Omolola’s husband, Akin, in a series of tweets defended his wife and explained what she really meant.
Money in relationships: IT IS VERY IMPORTANT! See ehn don’t lie to yourself.
Privilege: enjoy it while you have it. Stop apologising for it, stop fighting it. But don’t be an idiot. Save money while you can.
Travel the world while you can. Fly to Italy for that awesome culinary experience. Enjoy now and save for tomorrow. There was a day I was telling @Mstoluh about my restaurant plans and I said I needed 20M to start off. I am surprised she didn’t laugh.
It was easy to say 20M back then. And in my mind it was feasible. All my savings plus help from my parents. It wasn’t impossible. I absolutely avoided rich men ‘Lola meet so so’s son…. His father is …’ I’ve already left. I didn’t care about how much money a guy had.
I looked down on women who considered money an important factor in picking a partner. I was above that. I really believed money was nothing.
I avoided everywhere Lagos big boys could be found and kept to myself in my estate. ‘I am not about that rich life’ I told myself.
So 2016, I have poured all my savings into a business and a new home. Because I walked away from two good paying jobs. I have to prove to my parents that I can handle things on my own, I can’t share business challenges with them because the next thing is ‘Go back to work!’
Before I didn’t hang out with rich kids because I felt their showy lifestyle was beneath me, now I don’t because I can’t afford to
Last year, someone told me about how he was actively trying to learn to stop praying about money. I couldn’t relate. I am that person now. Sleeping without AC? I will soon get my pro card. Eating whatever is available? That is even if I have time to eat sef.
I don’t regret choosing Akin over the rich men I met, but I now wonder, what if? Marrying rich is not a bad thing. Why was I so against it?
I don’t let Akin do nice things for me anymore. I have become a penny pincher. “Lola, let’s go out.” “starts calculating fuel+food+….”
There are things I need urgently that I can’t have, not because I am being practical or reasonable, but because I can’t afford it. Still my case is better. I had always tried to live a modest life, working hard, saving money when I didn’t have to. If not, I wouldn’t be able to cope now. If not for all my savings, I would have walked away from everything and gone back to the easy road.

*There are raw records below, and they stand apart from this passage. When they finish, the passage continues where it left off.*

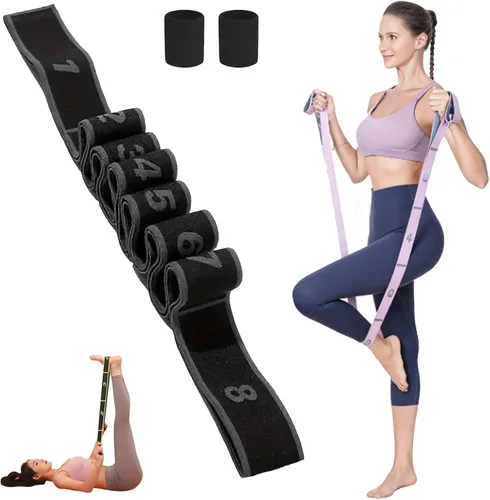 Miniatura 8 de Banda de resistencia para fitness, banda de resistencia numerada para estiramiento y yoga, equipo de entrenamiento de cuerpo completo para gimnasio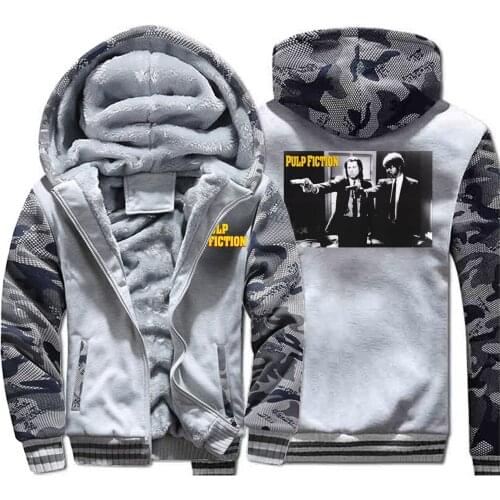 Pulp Fiction Movie Print 2019 Autumn Winter Jackets Men Bodywarmer Thick Camouflage Hoodies Fleece Fashion Casual Zipper Coat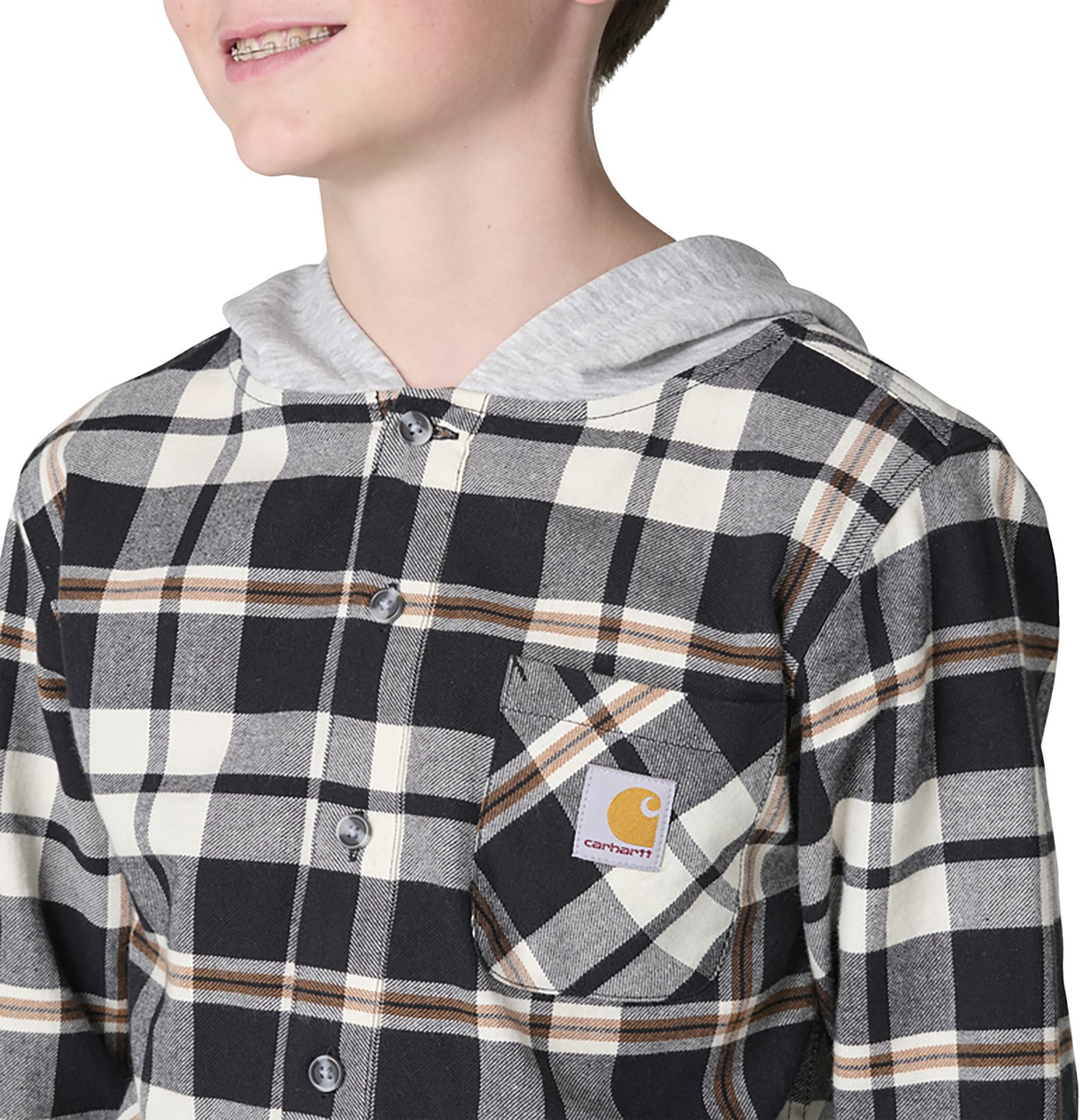 Carhartt Boys' Flannel Button-Front Long Sleeve Hooded Shirt - view number 5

Lessons from 2016: respect money, although I wasn’t a spendthrift and I worked and saved money, I didn’t regard money at all.
Okay Akin’s side of the story. @lolaloveandart
I appreciate your concern everyone. #IStandWithAkin folks, thanks a bunch. But I think y’all misunderstood the thread. Maybe you should go back and read it. Especially if you skipped the part where she talked about not regretting choosing me. She is talking about her attitude to money and how she has learnt and changed. Not engaging in wistful fantasizing.
If she was having second thoughts, there are plenty options. I am aware of them, she still chooses me. It’s not about wishing she were hanging out with rich people, it was about learning not to underestimate money’s value.
It’s about how having a lot can blind you to how difficult not having so much can be. And how easy it is to feel morally superior. To those who understand it..Basically, recession is hitting hard, and being independent is harder than she thought.
Btw, she’s still not interested in those rich guys. Just in case you were about to slide in her Dms …. O gbe for you
Thank you very much. P.S Lola and I are laughing together here. It’s not that serious please.